While it does not seem to consider the broad range of issues the mainline/oldline faces, at least it acknowledges the “larger cultural forces” that are in play here.
Likewise, a couple of my other concerns are moderated in the white paper. Regarding the diversity and inclusively, they say that they are speaking as a group of pastors but explicitly say “We call others of a like mind to envision a new future…” Regarding the reference to the PC(USA) as “deathly ill” that was a lightning rod in the letter, the phrase is not used in the white paper but instead they say “The PCUSA [sic] is in trouble on many fronts.” (And as you can see the white paper uses my less-preferred acronym PCUSA instead of the PC(USA) used in the letter.) And finally, there is more acknowledgement of similar predecessor organizations and explanation of why a new one:
We recognize that there are still islands of hope across the church, but they do not seem to represent a movement. Many faithful groups and organizations have been devoted to the renewal of the PCUSA, and they have offered valuable ministry for many years. Yet it appears they have simply helped slow down a larger story of decline. Is it time to acknowledge that something in the PCUSA system is dying?
In many ways this [new] association may resemble some of the voluntary organizations of the past (PGF, PFR, etc.) but it is only a way station to something else. It is an intermediate tool to begin to bring together like minded congregations and pastors to begin the work of another future, different than the current PCUSA.
So some of these ideas are more developed in the 3 1/2 page white paper than they are in the 2 page letter.
It was interesting to see how quickly word spread about the original letter on Twitter and the concerns that many people expressed. This seems to have led to two rapid responses.
The Fellowship PC(USA) saw a need to respond quickly and the day following the distribution of the letter they put out a one-page FAQ addressing some of the concerns I and others had. Specifically, they address the narrow demographic of the original group (white, male, pastors mostly of larger “tall-steeple” churches). The response is that this letter was only the beginning of a conversation that they want to broadly include all aspects of the church. Of course, they get another negative comment from me because in an apparent effort to say that the conversation should include more than clergy they use the phrase “clergy/non-ordained as equal partners.” (Ouch! That hurt this ruling elder.) This has now been changed to “clergy/laity.” Sorry, no better. At best this comes off as a technical glitch that in either wording does not include ruling elders as ordained partners in governance with teaching elders (clergy). At worst, while probably not intended to be so, it strikes me as a Freudian slip or condescending comment that teaching elders are somehow superior to ruling elders in all this. OK, soapbox mode off. (And yes, if you think I am being super-sensitive about this one little detail, this GA Junkie is by nature super-sensitive to that one little detail. Sorry if that bothers you.)

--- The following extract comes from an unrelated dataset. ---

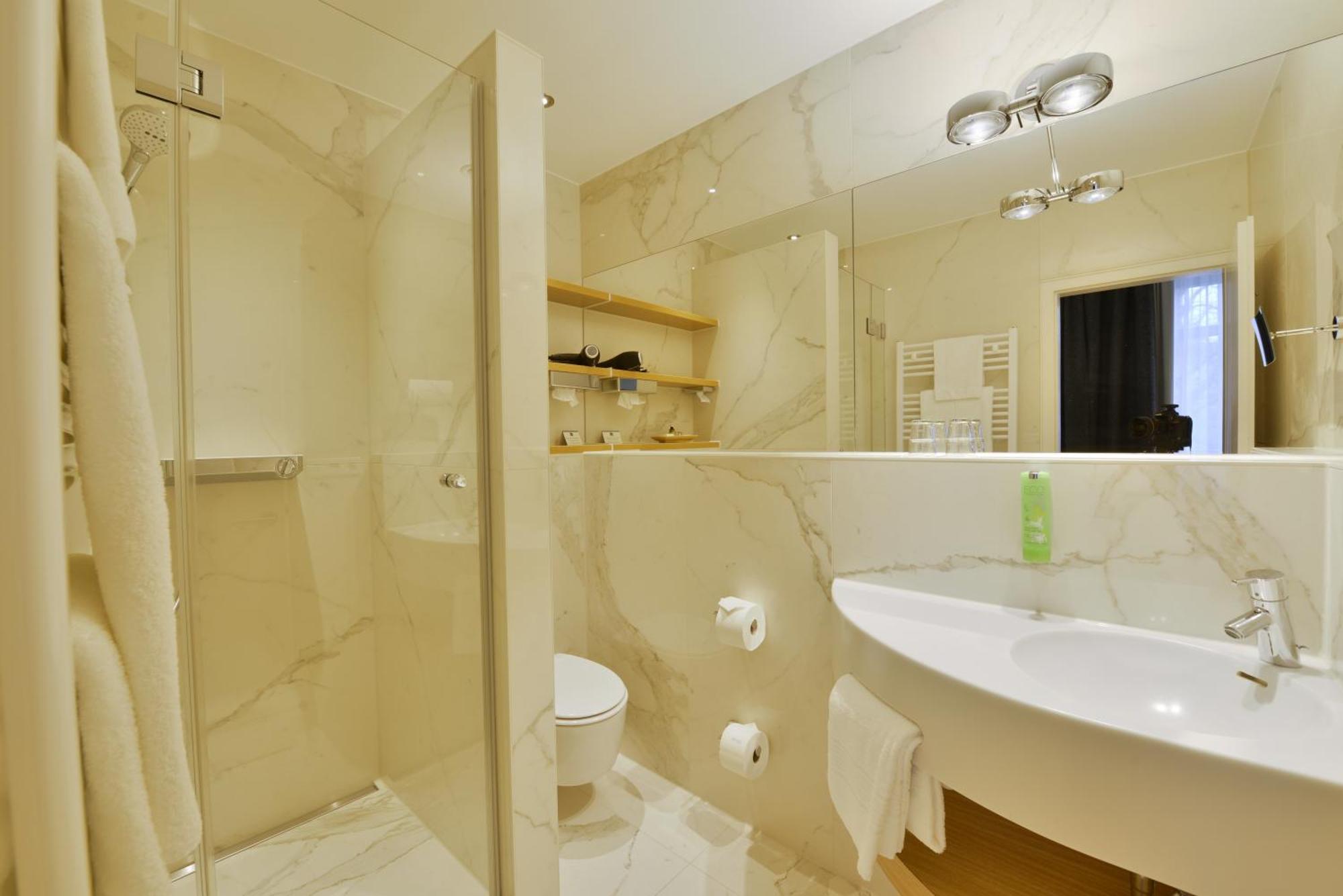Comfort King Room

The FAQ also addresses the relationship to the New Wineskins Association of Churches, other renewal groups, the Evangelical Presbyterian Church and why their plan is better, different, reasonable, or something like that.
The Fellowship has also updated the letter (the old link is broken) with a revised one that appears to be the same text but has a longer list of signatories that now includes ruling elders and women. The original seven names are there for the steering committee, but the 28 names for concurring pastors has grown to 95 (including a couple of women) and there is now a category for Concurring Elders, Lay Leaders and Parachurch Leaders with 15 names. (And I suspect that this will be a dynamic document that will be updated as more individuals sign on.)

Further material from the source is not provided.